In the abstract history can be fascinating. When you have lived the history, experience’s emotional layers can act as blinders, obscuring the larger picture; relative objectivity is a challenge.
Thirty years ago the first article on AIDS appeared in The New York Times. As is often the case, we didn’t know in the moment that our lives would never be the same.
The brilliant revival of The Normal Heart on Broadway brings it back — a flood of memory and feeling. The gay community was caught up by a tsunami of fear, conjecture, and uncertainty. By the mid '80s, sudden deaths and struggle were commonplace. I remember sipping from the same cup of coffee as my GMHC buddy, his body weakened by Karposi's sarcoma, and thinking, I may have just killed myself — all bodily fluids were still suspect (HIV, carried by blood, had not been identified at that point). Yet I didn’t refuse the proffered cup. I didn’t want him to be an object of fear.
In tandem with the suffering, we were also experiencing extraordinary beauty. A community came together —those in the first wave, young gay men, were embraced by their brothers (and sisters). We found our soul. If liberation had inadvertently led us to a plague, we could bond together lovingly — and effectively. I also remember this as a time of faith and celebration of life.
Crisis is always an opportunity to recalibrate our priorities. At the "front" in wartime, each moment is revealed in its value and clarity without the illusion that it comes with a guaranteed future. I know that those years broke my heart, but I also knew them as a time of wakefulness. I was not on my way to my life, I was in it. Time and again, I have observed that during crisis, life is oddly simple: One must do the next thing, then the next thing, then the next.
In the '90s, when I was critically ill, taking my next breath was my job. Accepting the kindness and practical support of family and friends was easy — I could no longer "earn" their love, it was simply present.

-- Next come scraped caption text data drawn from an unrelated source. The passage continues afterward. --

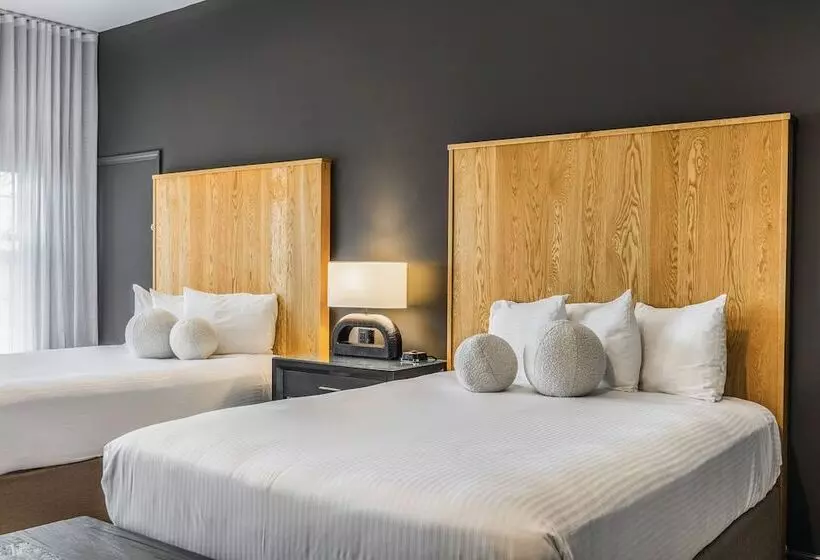 デラックスルーム, Cottages & Suites Geneva National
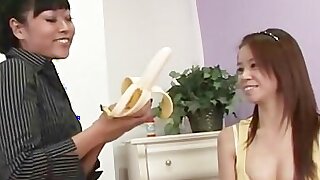 Madre e figlia Blowjob Lesson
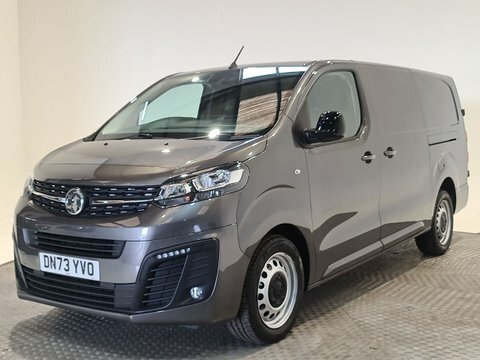 Vauxhall Vivaro 2.O Turbo D DN73YVO  #3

On a personal level, I have no regrets about this part of my journey: I wouldn’t be who I am today without all of it — the loss, the not-knowingness, the aliveness that came from savoring the very day, accepting that some of us might not be here tomorrow.
Last night I was talking with a friend in his 20s and I was reminded of the ultimate gift: the realization that just being here to tell him the tale is enough. Being alive is the magic.
That place of simplicity can become obscured but is never fully forgotten. The grace is in remembering it without the need for yet another crisis.